→ **Try it**
Find and copy the lines in the records beneath this task that contain the word "Furniture".

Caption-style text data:
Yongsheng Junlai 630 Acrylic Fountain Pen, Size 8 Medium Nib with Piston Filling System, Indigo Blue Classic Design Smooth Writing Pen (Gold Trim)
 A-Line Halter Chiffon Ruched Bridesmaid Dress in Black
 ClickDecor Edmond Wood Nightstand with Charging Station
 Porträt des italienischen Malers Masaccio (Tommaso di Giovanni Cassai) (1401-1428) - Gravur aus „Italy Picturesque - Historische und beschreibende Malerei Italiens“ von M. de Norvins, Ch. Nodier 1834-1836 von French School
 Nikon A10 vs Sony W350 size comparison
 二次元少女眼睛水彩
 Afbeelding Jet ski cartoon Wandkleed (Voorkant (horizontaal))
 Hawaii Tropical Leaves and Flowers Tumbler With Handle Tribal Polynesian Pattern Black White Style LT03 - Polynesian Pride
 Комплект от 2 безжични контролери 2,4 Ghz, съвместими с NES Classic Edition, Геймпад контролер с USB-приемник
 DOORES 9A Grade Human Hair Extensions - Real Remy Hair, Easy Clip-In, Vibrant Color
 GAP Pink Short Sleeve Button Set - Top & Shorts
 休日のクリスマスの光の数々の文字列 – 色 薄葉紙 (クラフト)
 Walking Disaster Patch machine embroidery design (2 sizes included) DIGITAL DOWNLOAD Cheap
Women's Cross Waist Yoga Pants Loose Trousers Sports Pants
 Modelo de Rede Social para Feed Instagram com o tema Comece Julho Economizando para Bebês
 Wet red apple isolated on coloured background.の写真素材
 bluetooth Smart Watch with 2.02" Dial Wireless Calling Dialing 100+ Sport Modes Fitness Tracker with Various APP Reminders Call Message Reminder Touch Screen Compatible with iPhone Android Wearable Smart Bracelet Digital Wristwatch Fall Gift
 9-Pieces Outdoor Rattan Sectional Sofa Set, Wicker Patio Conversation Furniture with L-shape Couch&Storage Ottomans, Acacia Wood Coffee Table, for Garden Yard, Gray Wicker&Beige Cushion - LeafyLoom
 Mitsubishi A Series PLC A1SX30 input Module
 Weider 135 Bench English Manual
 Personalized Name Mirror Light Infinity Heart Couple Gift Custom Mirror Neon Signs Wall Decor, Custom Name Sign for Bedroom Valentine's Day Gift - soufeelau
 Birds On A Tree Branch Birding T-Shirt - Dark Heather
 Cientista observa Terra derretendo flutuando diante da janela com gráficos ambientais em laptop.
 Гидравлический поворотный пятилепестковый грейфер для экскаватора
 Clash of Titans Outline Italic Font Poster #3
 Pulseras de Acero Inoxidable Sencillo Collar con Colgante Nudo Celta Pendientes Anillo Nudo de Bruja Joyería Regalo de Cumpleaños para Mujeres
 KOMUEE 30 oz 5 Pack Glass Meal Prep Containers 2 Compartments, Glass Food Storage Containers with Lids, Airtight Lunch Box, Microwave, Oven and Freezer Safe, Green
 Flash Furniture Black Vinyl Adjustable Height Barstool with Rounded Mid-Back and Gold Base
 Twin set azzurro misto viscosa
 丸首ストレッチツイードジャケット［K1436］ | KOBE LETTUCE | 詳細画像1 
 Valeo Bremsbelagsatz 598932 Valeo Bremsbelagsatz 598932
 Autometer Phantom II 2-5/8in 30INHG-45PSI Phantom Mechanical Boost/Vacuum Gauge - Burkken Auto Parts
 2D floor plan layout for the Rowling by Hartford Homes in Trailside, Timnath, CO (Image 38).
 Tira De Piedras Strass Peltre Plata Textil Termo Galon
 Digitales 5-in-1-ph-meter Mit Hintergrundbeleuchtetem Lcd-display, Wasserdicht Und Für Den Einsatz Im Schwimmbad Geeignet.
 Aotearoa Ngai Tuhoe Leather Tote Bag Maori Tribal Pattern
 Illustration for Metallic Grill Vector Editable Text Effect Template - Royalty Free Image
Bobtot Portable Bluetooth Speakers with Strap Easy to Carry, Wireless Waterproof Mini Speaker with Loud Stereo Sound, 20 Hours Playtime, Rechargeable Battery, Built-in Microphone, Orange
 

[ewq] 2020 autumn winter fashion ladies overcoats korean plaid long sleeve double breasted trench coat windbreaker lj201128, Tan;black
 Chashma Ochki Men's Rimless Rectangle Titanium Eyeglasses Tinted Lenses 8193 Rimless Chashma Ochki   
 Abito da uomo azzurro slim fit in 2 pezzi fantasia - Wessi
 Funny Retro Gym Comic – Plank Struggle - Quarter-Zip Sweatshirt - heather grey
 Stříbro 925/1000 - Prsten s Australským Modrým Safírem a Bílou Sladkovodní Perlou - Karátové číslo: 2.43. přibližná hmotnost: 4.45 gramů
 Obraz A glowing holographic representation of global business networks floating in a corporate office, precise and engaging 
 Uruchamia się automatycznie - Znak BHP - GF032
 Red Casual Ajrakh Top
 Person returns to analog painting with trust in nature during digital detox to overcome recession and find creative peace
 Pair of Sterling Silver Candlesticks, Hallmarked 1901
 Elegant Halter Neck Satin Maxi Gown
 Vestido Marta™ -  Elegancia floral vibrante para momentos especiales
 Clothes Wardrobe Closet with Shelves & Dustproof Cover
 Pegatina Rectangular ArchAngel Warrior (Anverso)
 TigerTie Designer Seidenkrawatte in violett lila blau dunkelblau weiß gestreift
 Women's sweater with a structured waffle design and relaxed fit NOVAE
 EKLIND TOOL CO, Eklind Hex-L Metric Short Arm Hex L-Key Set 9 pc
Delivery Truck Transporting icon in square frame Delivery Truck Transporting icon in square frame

→ **Response below**
 9-Pieces Outdoor Rattan Sectional Sofa Set, Wicker Patio Conversation Furniture with L-shape Couch&Storage Ottomans, Acacia Wood Coffee Table, for Garden Yard, Gray Wicker&Beige Cushion - LeafyLoom
 Flash Furniture Black Vinyl Adjustable Height Barstool with Rounded Mid-Back and Gold Base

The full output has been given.